Seul un trouble anormal de voisinage est sanctionné. Les juges apprécient souverainement le caractère anormal du préjudice. Le dommage doit excéder la mesure habituelle (ex : le bruit doit être excessif). L'appréciation du caractère anormal du trouble est effectuée au cas par cas et la mesure habituelle du dommage varie dans le temps (ex : s'il s'agit de bruits nocturnes, le seuil définissant un trouble anormal est plus faible que pour des bruits diurnes) et dans l'espace selon la nature du quartier (selon que le quartier est réservé à l'habitat, à l'industrie ou encore qu'il s'agit d'une zone portuaire). Le caractère excessif du préjudice doit s'apprécier en fonction des circonstances du cas et notamment de la permanence du trouble. En effet, le trouble de voisinage doit être installé de façon relativement continue et durable (même s'il n'a pas à être permanent).
- L'existence d'un lien de causalité entre le fait générateur (le trouble de voisinage) et le dommage anormal subi par la victime.
L'action en responsabilité pour inconvénients anormaux de voisinage ne doit pas être confondue avec l'abus du droit de propriété. L'abus du droit de propriété suppose que le propriétaire use de son bien dans le but exclusif de nuire à son voisin. Le critère de l'abus du droit de propriété est l'intention de nuire.

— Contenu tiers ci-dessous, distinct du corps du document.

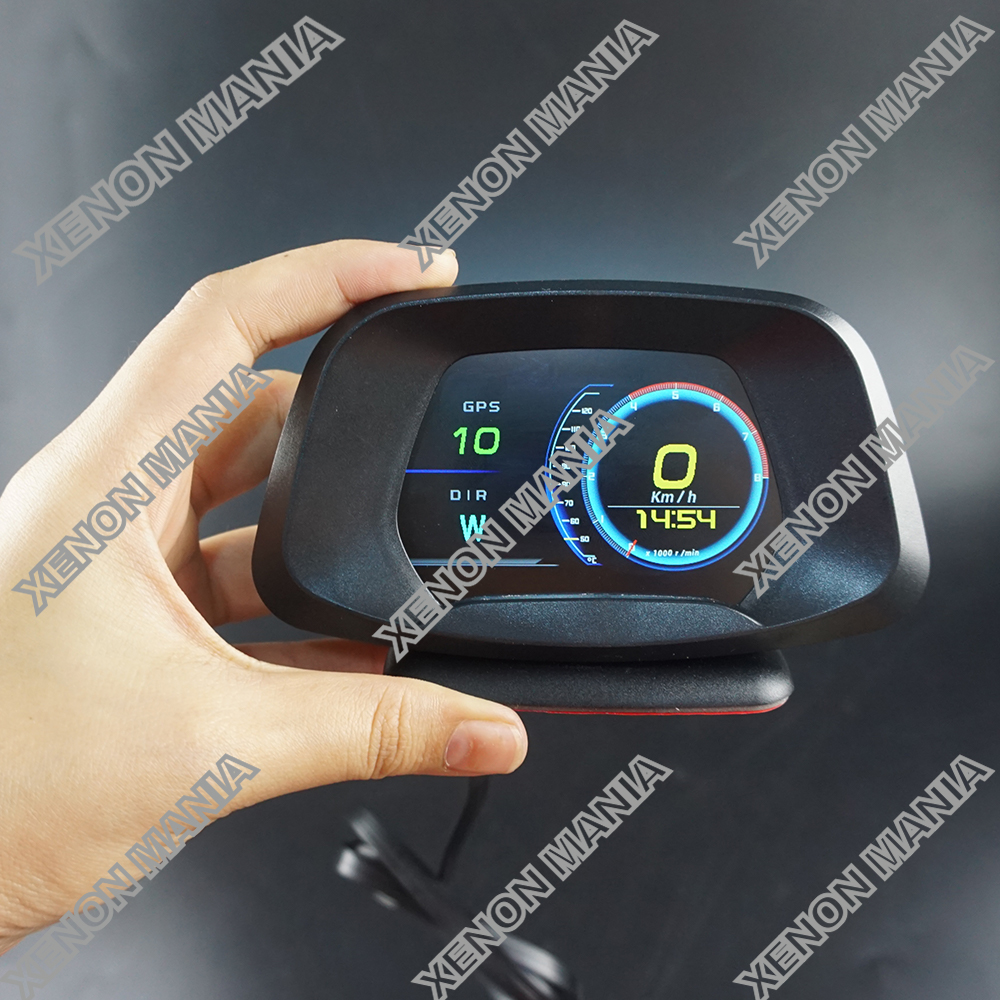 เกจวัด OBD2 รุ่น P19 รุ่นใหม่ล่าสุด ปี 2020 OBD2 + GPS ใช้ได้ทั้งรถที่มีช่อง OBD2 และไม่มี สินค้าของแท้ 5 13028b7bea55eb4f817ad24437110b36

2) La sanction de l'action
Le principe de sanction en cas de trouble anormal de voisinage est la réparation intégrale. Ainsi la victime perçoit :
- des indemnités (dommages et intérêts) pour le dommage passé
- mais également la cessation du trouble actuel sous astreinte (le juge dispose d'un pouvoir d'injonction ex : le juge ordonne la cessation de travaux causant un bruit excessif, des poussières anormales…).
Toutefois, le juge civil ne pourra pas ordonner la fermeture d'un établissement bénéficiant d'une autorisation administrative. Une telle fermeture relève de la compétence du juge administratif.
Un trouble anormal de voisinage ne sera pas sanctionné :
- si le juge considère que l'activité génératrice du bruit est d'utilité sociale (ex : un hôpital….)
- ou encore si les nuisances sont dues à des activités agricoles, industrielles ou artisanales s'exerçant antérieurement et en conformité avec la loi et les règlements (art L. 112-16 du Code de la construction et de l'habitation).
Les personnes qui construisent, acquièrent ou louent à proximité d'un lieu où s'exercent déjà des activités agricoles, artisanales, industrielles ou commerciales dommageables pour le voisinage n'ont pas droit à réparation pour les dommages causés par les nuisances occasionnées par ces activités.
Dans cette hypothèse, le droit à réparation est cependant rétabli en cas d'aggravation ultérieure du trouble.